• Study material:
+++

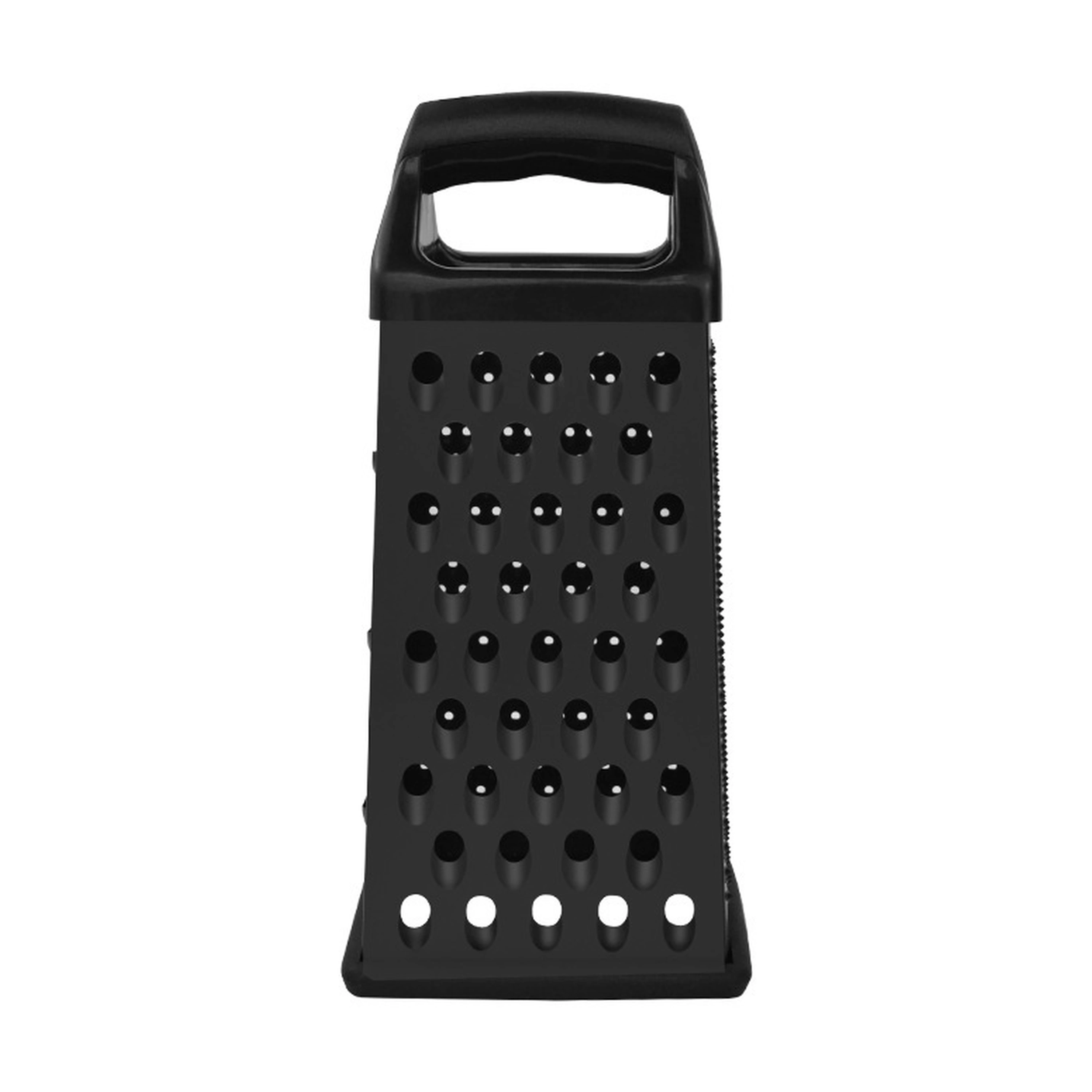 Rallador para Preparar Alimentos de Plástico y Acero Inoxidable Negro
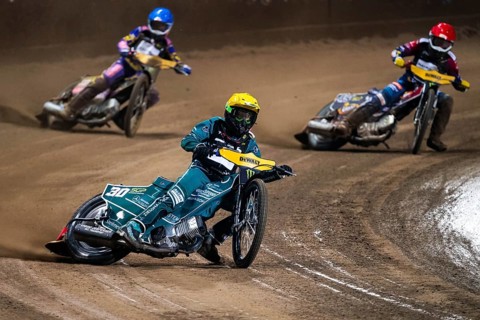 WROCLAW, POLAND - JUNE 20, 2026: DEWALT FIM Speedway GP of Poland. Speedway riders competing on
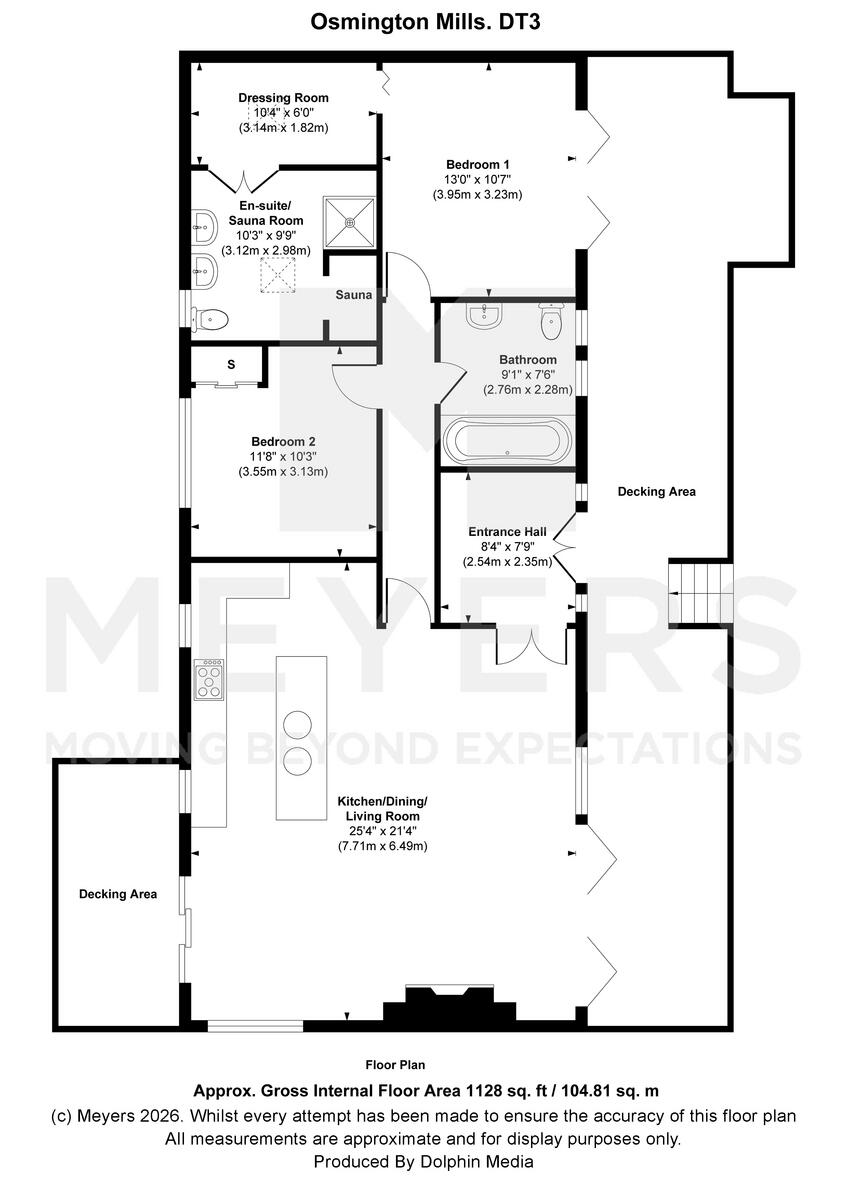 Cedar Falls, Weymouth, DT3 6 floorplan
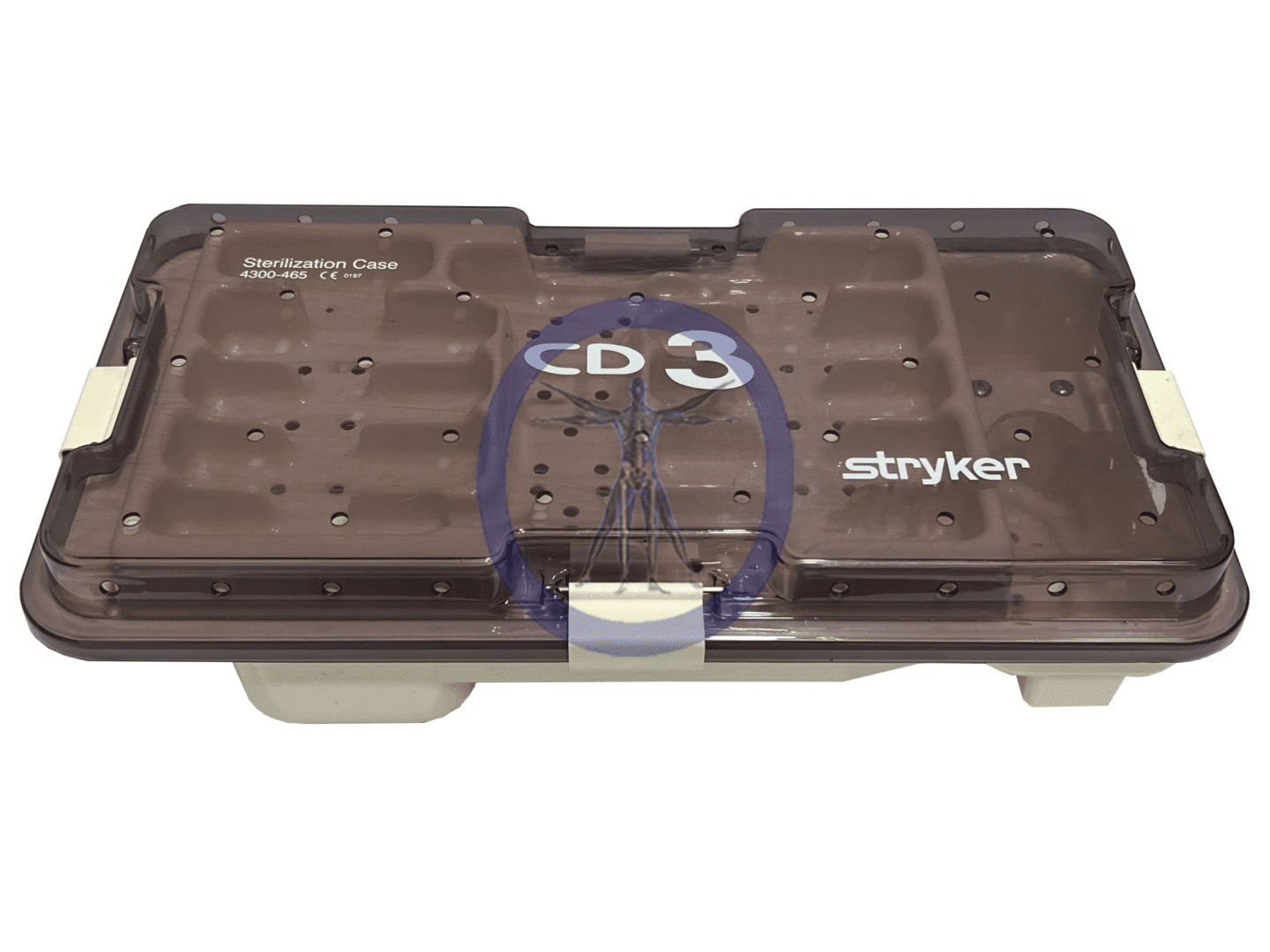 Sterilization case for Stryker instruments.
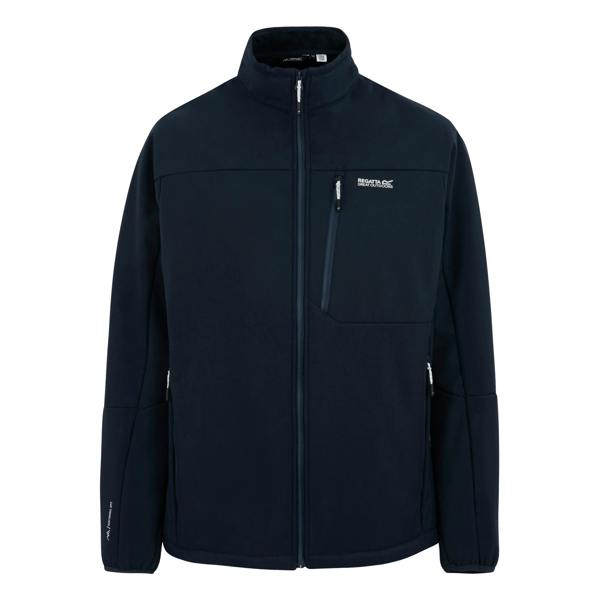 Regatta Mens Mountdale Soft Shell Jacket - Navy Blue - 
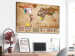 Canvas World Map: Retro Styling (1-piece) - world and country flags 149685 additionalThumb 3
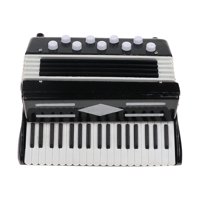 Magideal - Mini Modelo De Acordeón Modelos Instrumentales Musicales Artesanía Decorativa Durable Mini Juguetes Decoración Figuras Adornos Casa De Muñecas Modelo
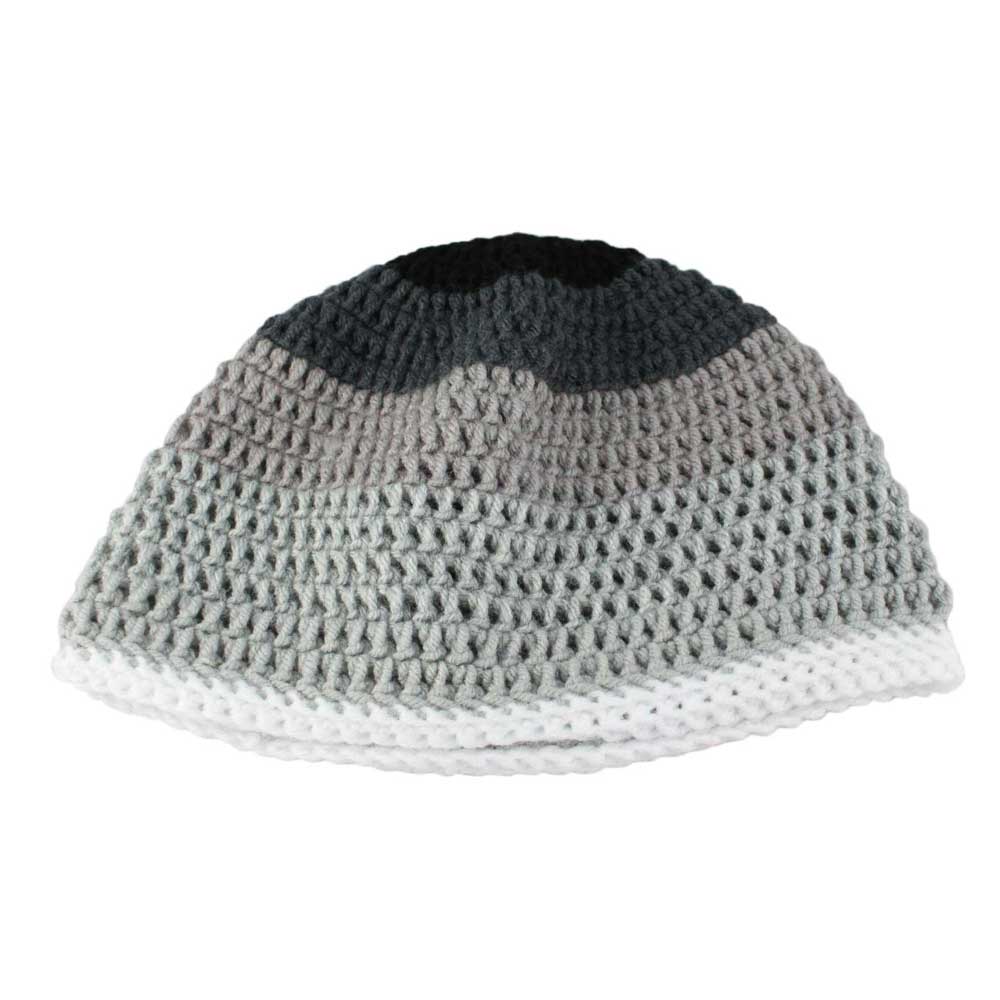 Shades of Gray Crochet Beanie Hat Medium/Large - JMCH32ML - Lilylin Designs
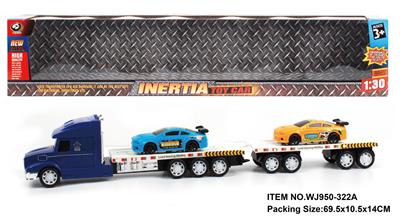 INERTIA TRACTOR TOWING 2 RACING CARS - OBL880432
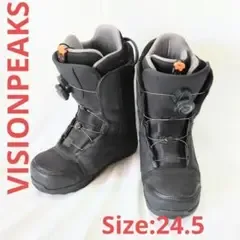 VISIONPEAKS スノーボードブーツ ブラック サイズ24.5cm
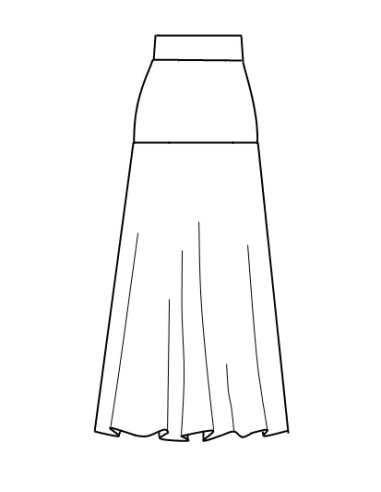 KNITTED SKIRT WITH CREPE (CHOOSE YOUR COLOR)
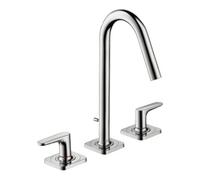 Hansgrohe hansgrohe Axor Citterio M Mitigeur lavabo 3 trous 160 135 mm, chrome, tirette, rosace Quantité:1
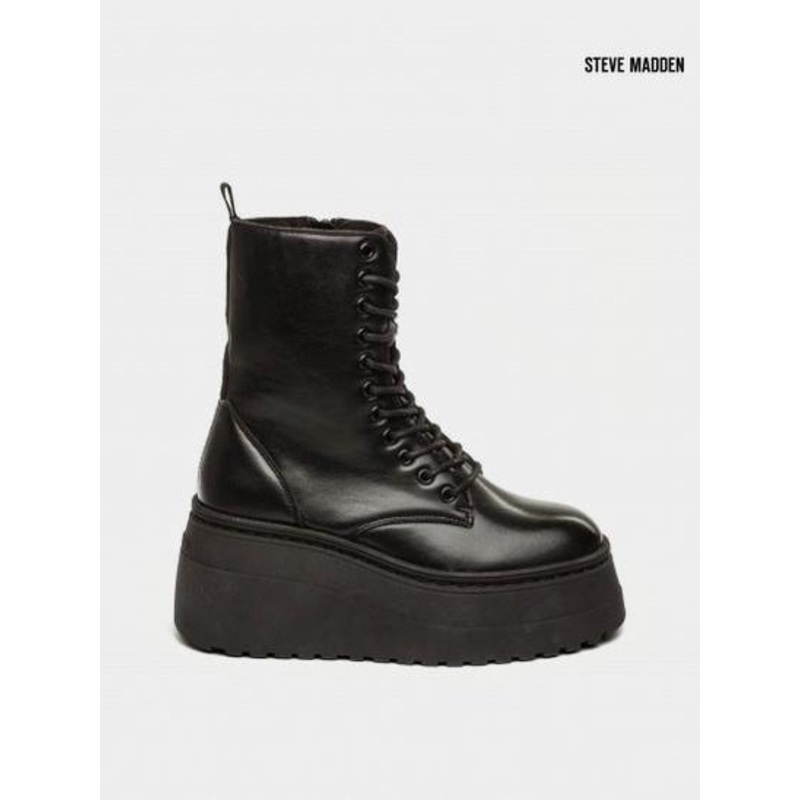 Steve Madden Women’s Black Polar Leather Boots |Steve Madden in Lebanon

+++

• Task objective:
Start with the line with "WROCLAW, POLAND - JUNE" in the listing above and stop after the line with "Canvas World Map: Retro". Write out exactly the lines in that stretch and no others, without pictures.

• Result:
 WROCLAW, POLAND - JUNE 20, 2026: DEWALT FIM Speedway GP of Poland. Speedway riders competing on
 Cedar Falls, Weymouth, DT3 6 floorplan
 Sterilization case for Stryker instruments.
 Regatta Mens Mountdale Soft Shell Jacket - Navy Blue - 
 Canvas World Map: Retro Styling (1-piece) - world and country flags 149685 additionalThumb 3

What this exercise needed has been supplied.